▶ [DATA BLOCK]:
◇ ◇ ◇ ◇ ◇

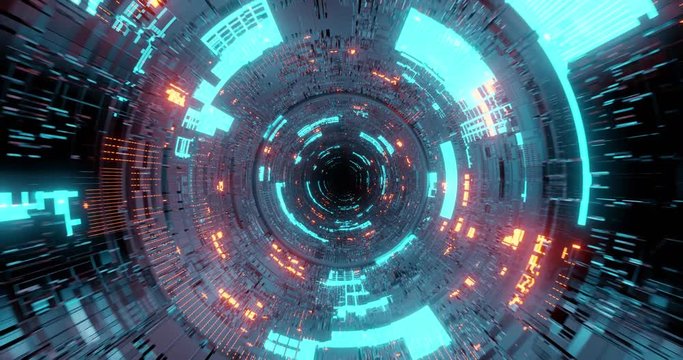 4K seamless loop flying into spaceship tunnel, sci-fi spaceship corridor. Futuristic technology abstract seamless VJ for tech titles and background. Motion graphic for internet, speed. 3D render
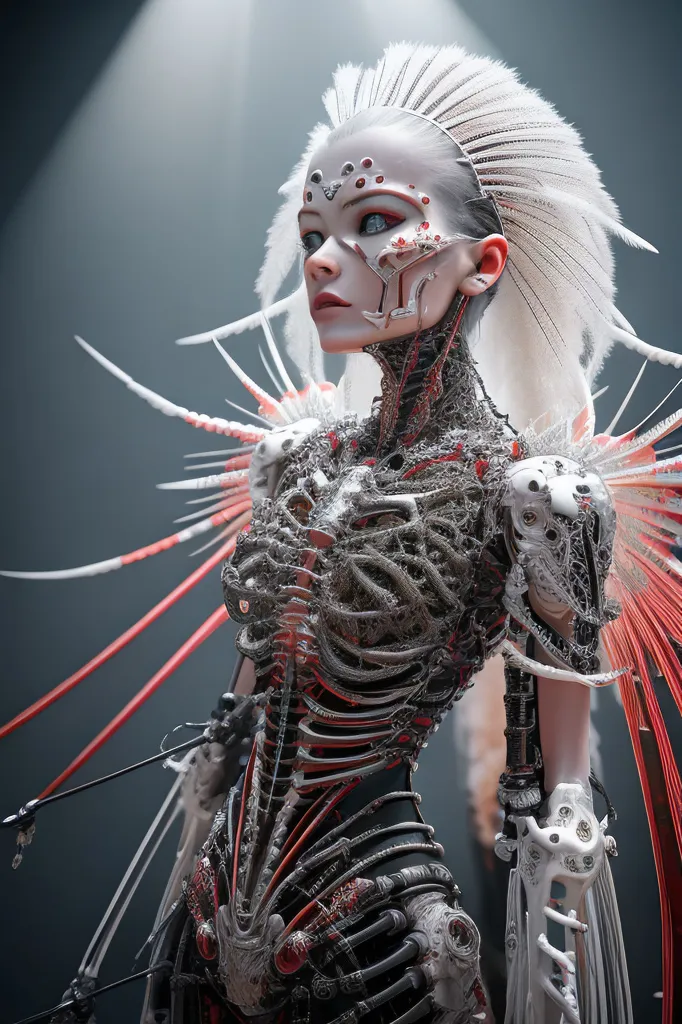 This image shows a woman who appears to be a cyborg. She has white hair and red eyes. Her face is partially covered by a metal mask. Her body is covered in a black and red exoskeleton. She is also wearing a pair of wings made of bones and feathers. The image is set in a dark background with a spotlight shining down on her.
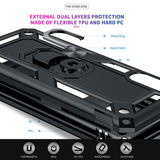 LeYi for Samsung Galaxy A10E Phone Case, Samsung A10E Phone Case with Glass Screen Protector Replacement, Military-Grade Shockproof Magnetic Ring Stand Cell Android Case Cover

◇ ◇ ◇ ◇ ◇

▶ [WORK ITEM]:
Each line of the listing above should be retyped exactly, with no pictures.

▶ [OUTPUT FOR THIS TASK]:
 4K seamless loop flying into spaceship tunnel, sci-fi spaceship corridor. Futuristic technology abstract seamless VJ for tech titles and background. Motion graphic for internet, speed. 3D render
 This image shows a woman who appears to be a cyborg. She has white hair and red eyes. Her face is partially covered by a metal mask. Her body is covered in a black and red exoskeleton. She is also wearing a pair of wings made of bones and feathers. The image is set in a dark background with a spotlight shining down on her.
 LeYi for Samsung Galaxy A10E Phone Case, Samsung A10E Phone Case with Glass Screen Protector Replacement, Military-Grade Shockproof Magnetic Ring Stand Cell Android Case Cover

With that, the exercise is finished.